Availability Zones vs Regions: 1-2ms Latency, 99.99% SLA

Q: How do I check which AZ a resource is in

EC2 instances show their AZ in the console and CLI. Use aws ec2 describe-instances and check the Placement.AvailabilityZone field. For cross-account coordination, use AZ IDs instead of AZ names since names are randomized per account. The aws ec2 describe-availability-zones command shows the mapping between names and IDs.

The Physical Foundation of Cloud Reliability

Availability Zones (AZs) and regions are the building blocks of every cloud architecture decision you'll make. When AWS promises 99.99% uptime for a service, that guarantee assumes you've deployed across multiple AZs. When your application goes down because "the data center had an issue," it usually means you put everything in a single AZ. Understanding what AZs and regions actually are -- physically and logically -- changes how you design infrastructure.

This isn't abstract theory.

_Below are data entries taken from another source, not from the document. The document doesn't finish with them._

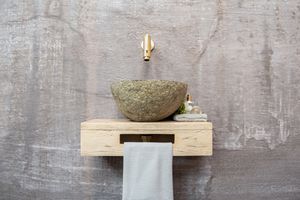 Saniclear Seba fonteinset met eiken plank, rivierstenen waskom en gouden kraan voor in het toilet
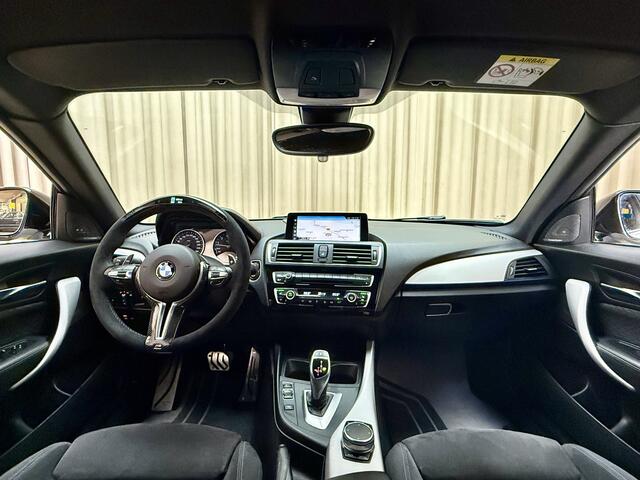BMW 2-SERIE Coupé M240i *M-PERFORMANCE* Spoilerpakket / Harman Kardon / Alcantara / Memory Seat / Keyless / Stoelverwarming / 18"LMV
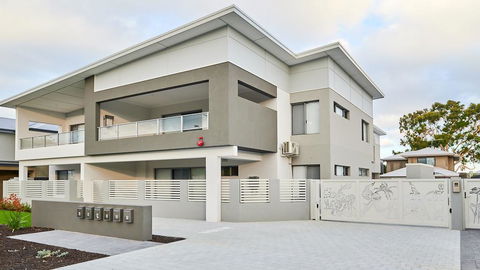 Quiet Garden City Unit - Free WiFi & Parking - Accommodation Brunswick Heads 2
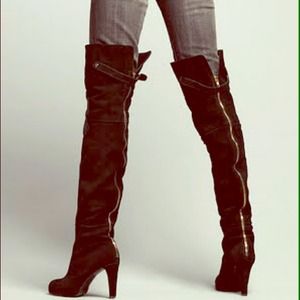 Kelsi Dagger over the knee suede boot Kelsi Dagger over the knee suede boot
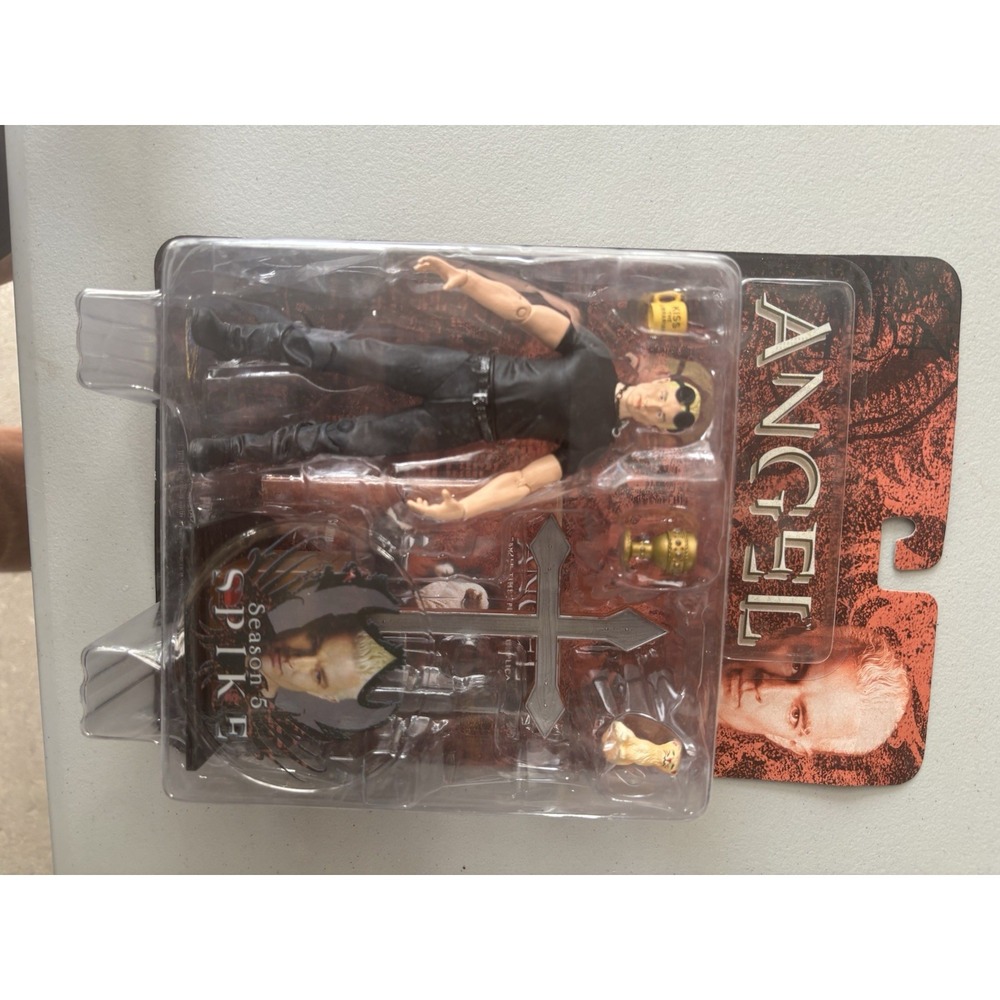 2004 Diamond Select ANGEL Season 5 "SPIKE" Figure..NEW/SEALED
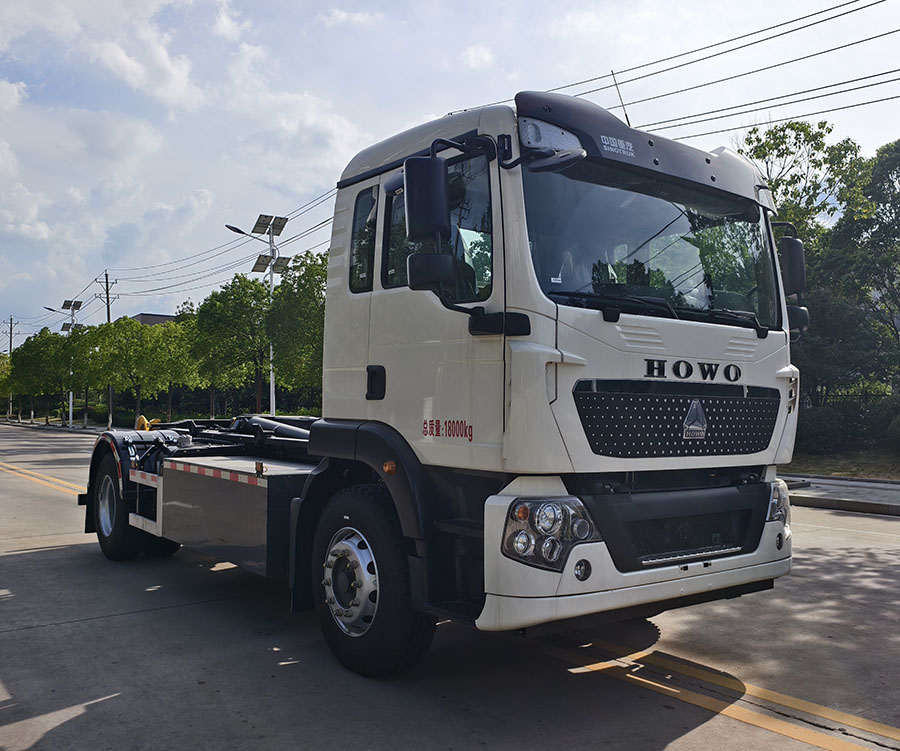 LRT5181ZXXZZBEV型純電動(dòng)車廂可卸式垃圾車圖片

Every production outage I've investigated in the past five years had a root cause tied to AZ or region architecture: a database in one AZ with no replica, a load balancer not spanning enough zones, or a region-scoped service dependency that took everything down. This guide covers the physical reality, the design patterns, and the failure modes you need to plan for.

What Are Availability Zones?

Definition: An Availability Zone is one or more discrete data centers within a cloud region, each with independent power, cooling, and networking. AZs within a region are connected by high-bandwidth, low-latency links and are designed so that a failure in one AZ does not cascade to others.

What Are Regions?

A region is a geographic area containing multiple Availability Zones. AWS has 30+ regions worldwide. GCP calls them regions with zones. Azure calls them regions with Availability Zones (added later in Azure's evolution). Each region is completely independent -- a region-level outage in us-east-1 doesn't affect eu-west-1.

The Physical Reality

Cloud providers are deliberately vague about the physical details, but here's what we know:

Each AZ consists of one or more data centers (AWS has confirmed some AZs have multiple buildings)
AZs within a region are typically 10-100 km apart -- far enough for independent failure domains but close enough for low-latency replication
Inter-AZ latency is usually 1-2ms round trip
Each AZ has independent power feeds, often from different substations or power grids
AZs have independent network connections to the internet and to AWS's backbone

Pro tip: AZ names are randomized per AWS account. Your us-east-1a is not the same physical facility as another account's us-east-1a. AWS does this to distribute load evenly. Use AZ IDs (like use1-az1) when coordinating across accounts.

Cross-Cloud Comparison

Concept	AWS	GCP	Azure
Geographic unit	Region	Region	Region (Geography)
Fault domain	Availability Zone	Zone	Availability Zone
AZs per region	2-6 (typically 3)	3 (typically)	3 (in supported regions)
Total regions	30+	40+	60+
AZ-level SLA	No (region-level with multi-AZ)	No (region-level with multi-zone)	Yes (per-zone SLA for VMs)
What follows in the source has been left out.